Today's guided missile frigates and cruisers are cheaper to run, can put more firepower on target and at greater ranges. And in some cases, the choice of munitions runs from anti-personnel up to tactical nukes.

The ability of modern aircraft to aerial refuel for strategic operations goes back to 1949. With that ability, risking 150 men in 15 B-52's makes more sense than risking 1500 aboard a BB.

Though a BB could be "modernized" by removing the rear gun mount to install quad launching rails, adding SLCM cruise missle launchers midships and adding a butt-load of Phalanx 20mm & 30mm defensive turrets, in the modern battlespace, the BB's are just what Admiral Rickover said they were -- large floating targets.

A side effect of the UAV programs now underway may be the elimination of supercarriers. Smaller, cheaper UAVs taking off from smaller carriers can stay aloft longer, range further and be replaced easier (in theory). And you don't lose your top pilots when one is shot down.

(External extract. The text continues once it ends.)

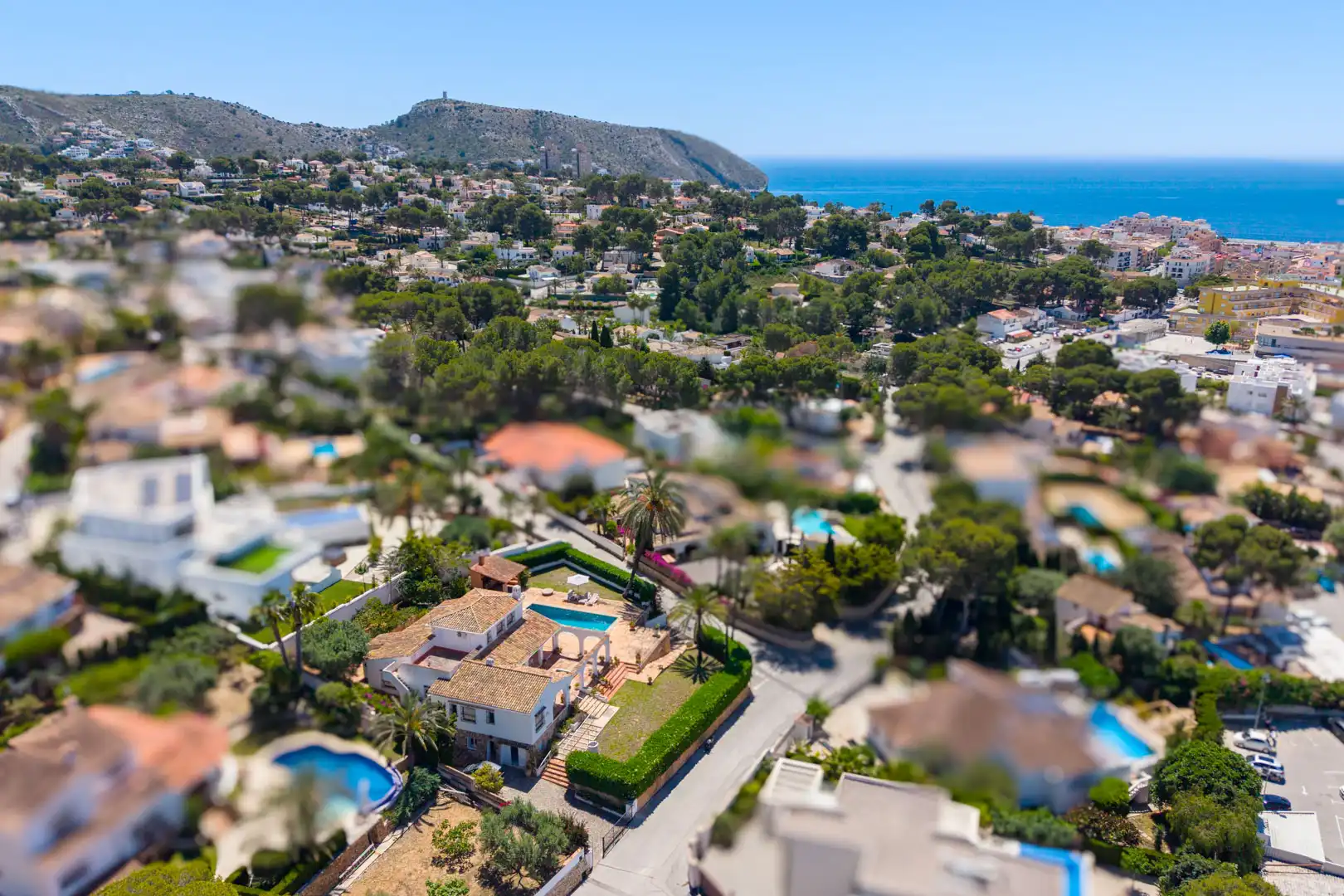 Vista exterior de Casa o chalet en venta en Moraira con Aire acondicionado, Calefacción y Terraza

Re: Shore bombardment - the Japanese did, in fact, dig tunnels deep into mountains and hills as shelter from bombardment. But it is disingenious to say the shelling had no effect. Survivors from some of the Pacific campaigns tell of the terrible toll it took on the sanity of some of their men. One Japanese Lt. said two days of shelling had psychologically ruined 25% of the men in his unit, some of them would simply tremble or defecate in their pants from a loud noise.